Red (Taylor’s Version): a Review

Swift+performing+on+stage+during+the+Red+tour%2C+March+of+2013.

Wikimedia

Swift performing on stage during the Red tour, March of 2013.

Brenna Burr, Staff Editor

This past October marked the ten-year anniversary of Taylor Swift’s album, Red, and this past November marked the one-year anniversary of the rerelease of the album. The rereleased album, which first came out in November of 2021, is a rerecording and rerelease of Swift’s 2012 album, Red. The rereleased album was a massive commercial and critical success.

Though the 30-track album contained only ten new songs, the album quickly became one of Swift’s most successful, breaking records such as the most-streamed album in a day from a female artist on Spotify, clocking in at 90.8 million streams. This breaks the previous record held by Swift by over ten million streams. Swift also became the first and only woman to have over 100 million streams on the platform in one day. These records, among numerous others, prove the album’s commercial success. 

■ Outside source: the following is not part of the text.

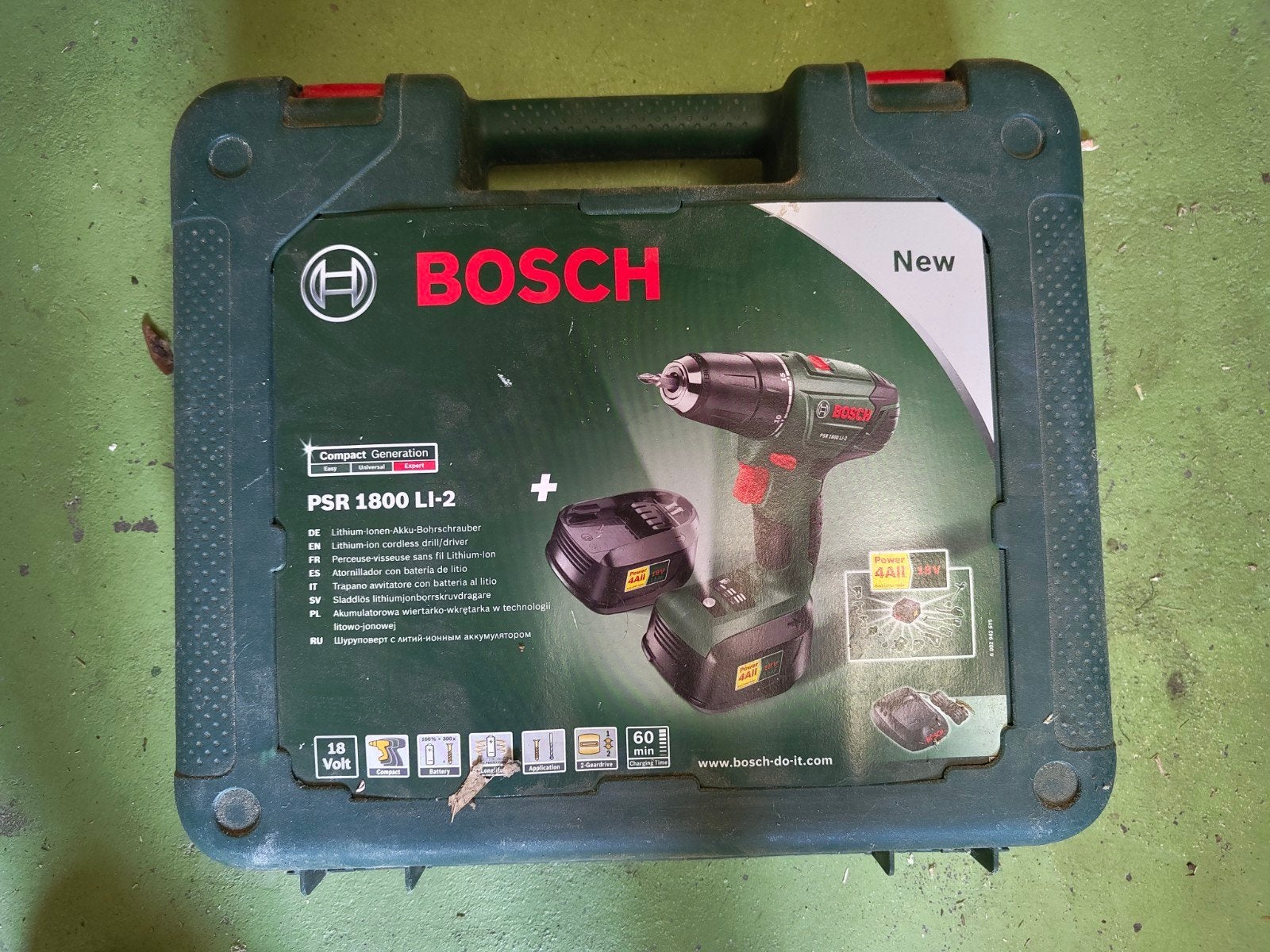Bosch PSR 1800 LI-2 Accuboormachine met 2 defecte accu's, Variabele snelheid, Ophalen of Verzenden, Boor- en Schroefmachine, Gebruikt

The audience for Taylor Swift’s music has always been young women. The rerelease of Red, though it appeals to new fans in the same demographic as the initial release of Red, primarily appeals to those already familiar with Swift’s work. 

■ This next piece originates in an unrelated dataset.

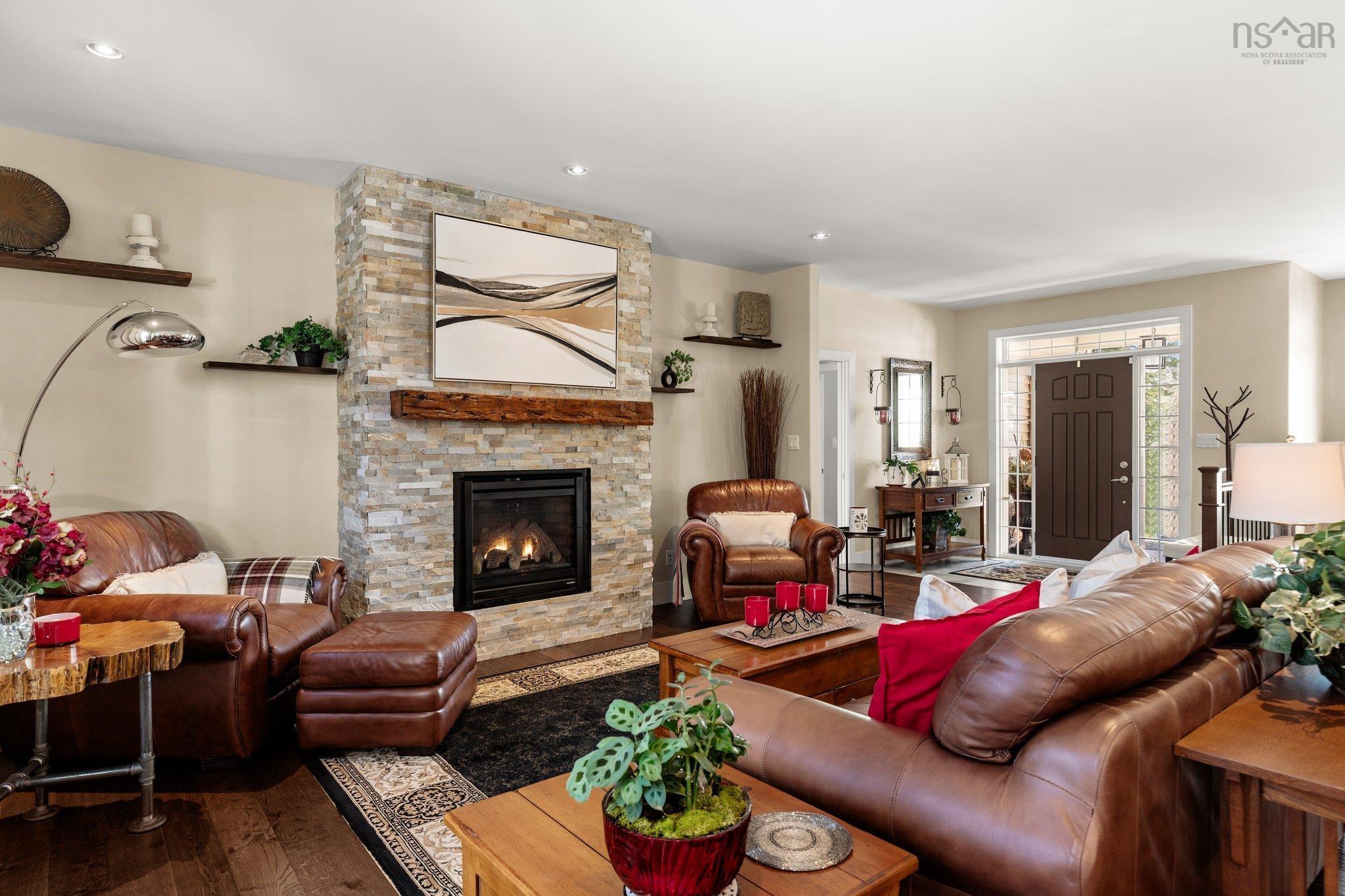 $1,199,000.00: 57 Dungarry Close, Fall River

Swift’s tradition of writing intimate songs about her personal life remains true in both releases of Red. The album chronicles the whiplash emotional journey of Swift’s early twenties and the highs and lows of her relationships at the time. Red has long been lauded by both fans and critics as Swift’s magnum opus, helped in part by the resurging popularity of the fan-favorite track “All Too Well.”

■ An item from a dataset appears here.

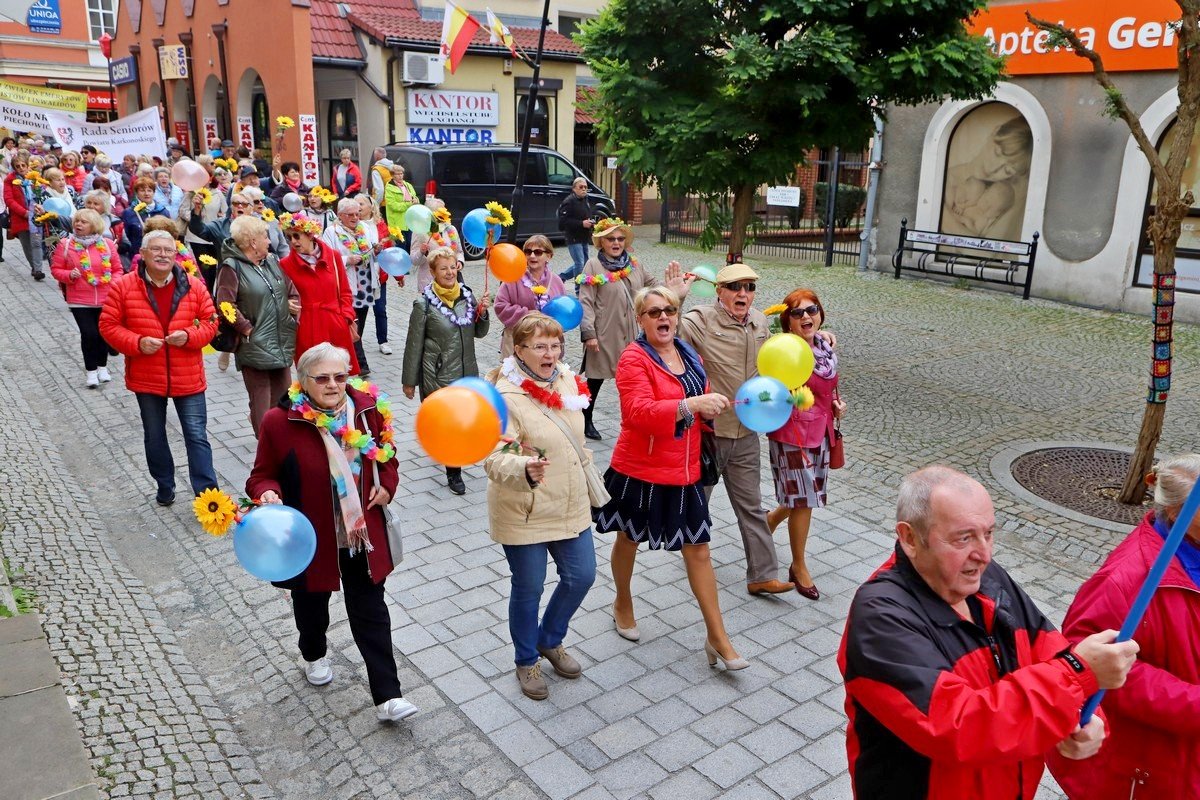 miasto-w-rekach-seniorow-109210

Red is familiar territory for early fans of Swift who was, until the release of her 2014 album, 1989, predominately a country artist. Her early music combines conventional elements of country along with her own special brand of lyrical prowess to create a sound that appeals to the daughters of middle-class Southern America. The majority of Red’s tracks are country. Guitars, banjos, and even an accordion accompany Swift’s vocals. Throughout the album, Swift casually references her life growing up on a farm, her humble roots, and her small-town life. And though Swift embellishes certain elements of her life for her country audience, neither the affected Southern accent nor the fictionally blue-collar family Swift comes from detracts from the entertainment value. With delightfully bitter lines like “I don’t have to be your shrink to know that you’ll never be happy,” it’s easy to forgive and forget that the “kitchen-table bills” Swift references are probably piling up on pure mahogany. 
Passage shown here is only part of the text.